▶ [RECORDS]:
=======

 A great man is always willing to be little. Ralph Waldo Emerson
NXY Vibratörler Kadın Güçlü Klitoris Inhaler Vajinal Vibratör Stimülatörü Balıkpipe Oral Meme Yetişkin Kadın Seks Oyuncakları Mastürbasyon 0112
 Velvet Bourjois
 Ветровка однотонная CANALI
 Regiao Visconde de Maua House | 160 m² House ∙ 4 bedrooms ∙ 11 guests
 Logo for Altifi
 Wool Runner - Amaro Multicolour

=======

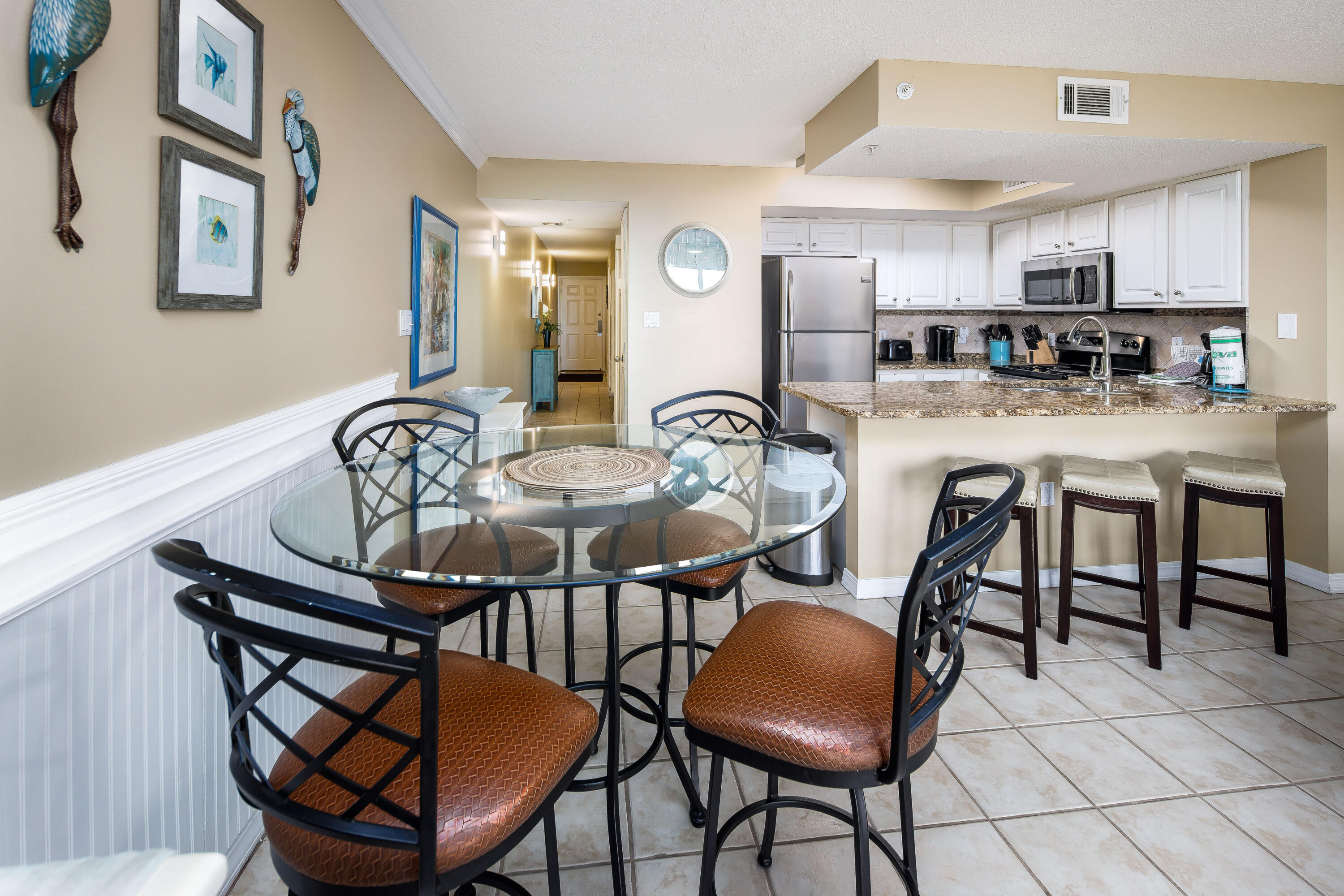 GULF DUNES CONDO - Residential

=======

▶ [TRY IT]: All lines in the data above from the one with "Velvet Bourjois" through the one with "Wool Runner - Amaro Multicolour" must be repeated exactly, and no others.

▶ [REPLY]:
 Velvet Bourjois
 Ветровка однотонная CANALI
 Regiao Visconde de Maua House | 160 m² House ∙ 4 bedrooms ∙ 11 guests
 Logo for Altifi
 Wool Runner - Amaro Multicolour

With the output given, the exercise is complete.